Actual, being Italian and loving white people food, wanted to go to Buca di Beppo today. So we went.
It was... strange. Spectacular at times, crazily bad at others.
Obviously the restaurant consultants have been here and deposited their "improvements".
I'll say first out that as usual we had a phenomenal waitress. If there's anything Buca does right, it's hiring waitstaff. Our waitress was freaking awesome and kept us entertained (and fed) the entire time. The only thing about her that annoyed me (and this is not her fault) is that the scripts they are giving the waitstaff are even more obnoxious than before. Before they changed their scripts, Buca waitstaff were at the high end of obnoxious and classless when it came to pushing addons. They are worse now. During our service, I counted 9 different "Can I start for you/Can I get for you" little innocent pushes for addons. It's not subtle. People spend tons of money at Buca, there's no need for this. Buca, stop forcing your waitstaff to act like they're serving at Friday's. It's a disservice to your restaurant and your waitstaff. You guys hire the most engaging, vivacious, fun people in town, and your sales scripts just piss off your clientele.

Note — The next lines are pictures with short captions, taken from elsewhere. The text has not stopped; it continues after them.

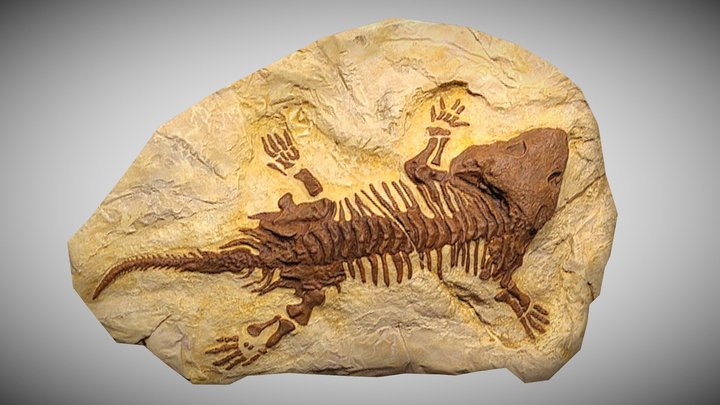 Saymouria baylorensis Fossil – Kostenloses 3D-Modell STL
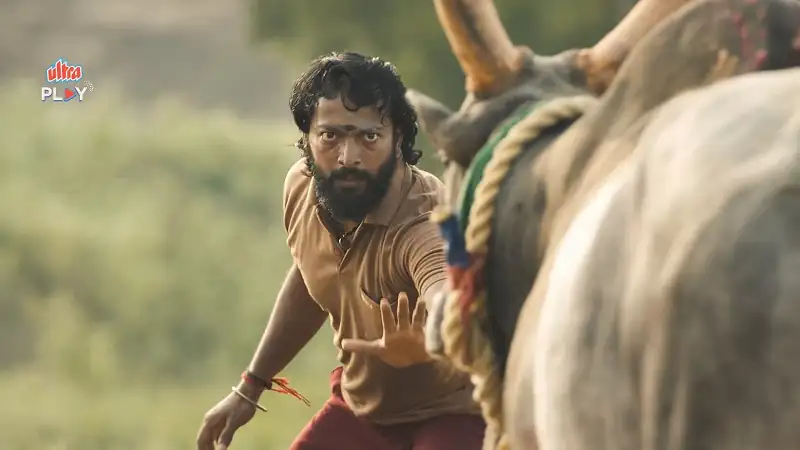 Bullfight Screenshot 3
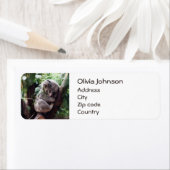 Cute Koala Beer ontspannend in een boom Etiket (Insitu)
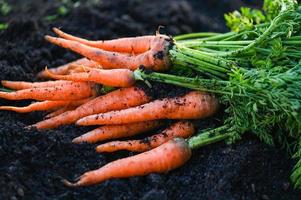 zanahoria en el suelo, zanahorias frescas que crecen en el campo de zanahorias, la verdura crece en el jardín en el suelo, granja orgánica, cosecha, producto agrícola, naturaleza foto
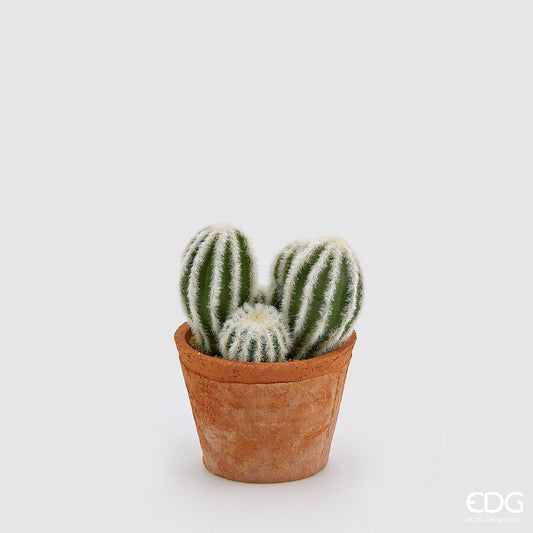 EDG - Cactus Mix Con Sottovaso H 19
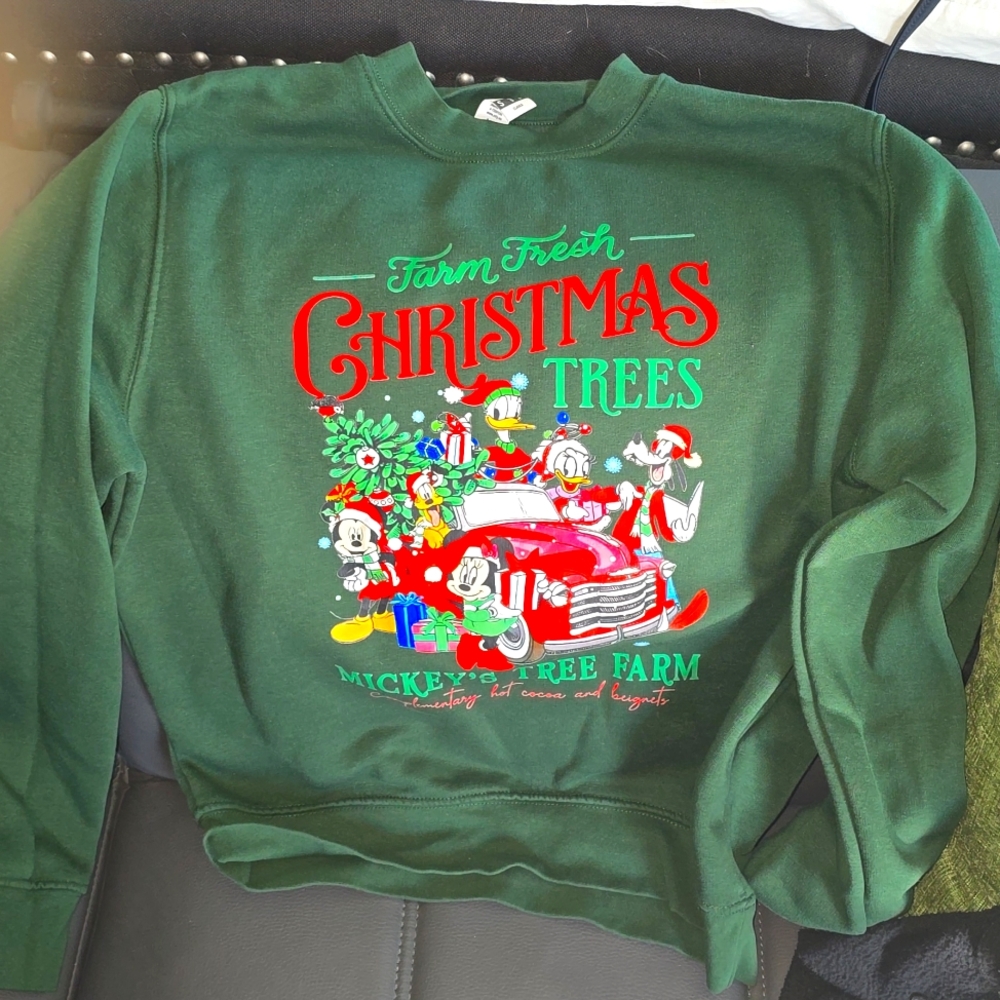 Disney Christmas sweatshirt Size Small!!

And then there's the new olive oil.
If you've been to Buca in the past, you should find this all a bit odd.
What Buca used to do was bring your table a basket of bread. They would take one of their oval plates (or more than one) and fill it with great extra virgin olive oil and delicious balsamic vinegar. You could add salt and pepper to your taste. The evo and balsamic were left on the table so you could make more bread dip if you wanted.
Apparently this was too much for Buca.
The new and improved process begins with one bread slice per customer. So we got a bread basket with two whole pieces of bread. Then came the dish of evo you see in the above picture. Like Guy Fieri's Temple of Vomit, the evo is not left at the table like it used to be at Buca. You have to ask for more, not to mention that there's no balsamic. Oh, and you have to ask for salt and pepper shakers too--they aren't on the table by default anymore. The funny part is that the dish pictured holds more evo than the old dish ever did, which means their cost cutting measure, by volume, is not very successful.
But that really doesn't mean anything until you taste what Buca is now passing off as olive oil.
Extra virgin olive oil, the good stuff, tastes grassy. Grassy is that fresh olive flavor that good evo has. Bitter is the taste that bad evo has. Not just straight up bitter, but metallic bitter. Bitter in the sense that putting vegetable oil in a rusty can would result in a similar flavor provile. When evo goes rancid, or you press the worst, oldest olives, you get straight up metallic bitter tasting evo. It's sounds like a subtle difference, but it isn't. Even the most basic palate can detect the difference between grassy and metallic bitter.
I have personally tasted upwards of 200 varieties of evo, including evo right out of the press. I can tell the difference. Actual, being anosmic, has a better bad evo detection system than I do. Having no sense of smell, Actual has an extremely sensitive palate when it comes to foods like evo.
We both agreed. The new olive oil at Buca is fucking disgusting. It's wretched. That shit should not be served to human beings.
After we told our awesome waitress that the evo was off, she brought us new evo and said that the chef had even tasted it, and said that the flavor profile was intentional. She said it was indeed more "olivy" than most other evo. There's grassy and then there's disgustingly bitter. This was disgustingly bitter. Actual likened it to putting a Brillo pad in her mouth. Buca being a chain restaurant, obviously corporate procurement has decided this evo is "good enough". It is NOT. SHAME ON YOU.
This alone made us doubt whether we even wanted to be eating there. Honestly, if any Italian restaurant served me cringingly bitter evo so bad that I wondered if it had turned, I would walk out. Especially if they told me it was that way on purpose. Super especially, if the head chef agreed.
We stayed, though. And I'm glad we did. The waitress told us that the recipes at Buca had been tuned up to be more bold and flavorful, and that was definitely true.
First up was the antipasto salad. Great as usual.
Next was an order of chicken saltimbocca. In English, this dish translates to "crack-infused meth with opium garnish and heroin extract designed to be as addictive as possible to Actual". This dish is phenomenal. We only wish they brought the veal version back.
And my contribution, a Buca Large order of their spaghetti with meat sauce. The spaghetti was phenomenal as always, but the sauce was a concoction of super megaton flavor. This was definitely better than the meat sauce they had before (which was already good). I could eat this sauce out of a bowl with a giant spoon.
Keep the sauces, lose the olive oil. Please.